I couldn’t agree more.
Fifty years later, Dr. King’s fundamental principles of community guide my work as Governor. Our work toward building stronger communities and a better Minnesota will not be complete until all of our futures are as bright and promising as those most fortunate among us. The basic rights, liberties, and opportunities, which are enjoyed by one, should be guaranteed to all men and women, who are created equal in the eyes of God.
Yet, decades after Dr. King began his transformational ministry, “the jangling discords of our society” — poverty, inequity, and discrimination — still block our progress toward that important goal. With all of our sisters and brothers in mind, we must meet the challenges of our communities as Dr. King did: with urgency, courage, and the enduring dream of a better future.
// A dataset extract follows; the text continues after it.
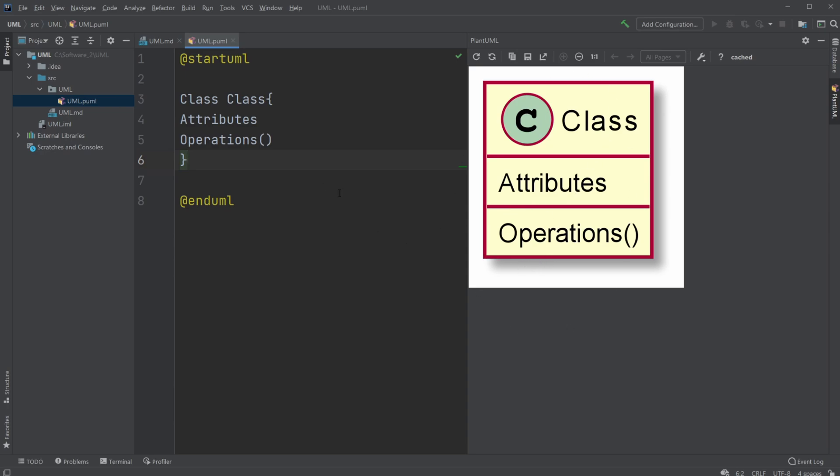One of the basics of UML is that it's built around object-oriented programming. A very basic part, and what I'll be discussing today, is the class structure.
As we reflect today on 50 years of progress and setbacks, I firmly believe a brighter future is possible for all Minnesotans and all Americans — if we stay true to the ideals and principles of the great Dr. Martin Luther King, Jr., whose courage and sacrifice lead us toward the day when “justice will roll down like waters, and righteousness like a mighty stream.”
Pull quote: Our work toward building stronger communities and a better Minnesota will not be complete until all of our futures are as bright and promising, as those most fortunate among us.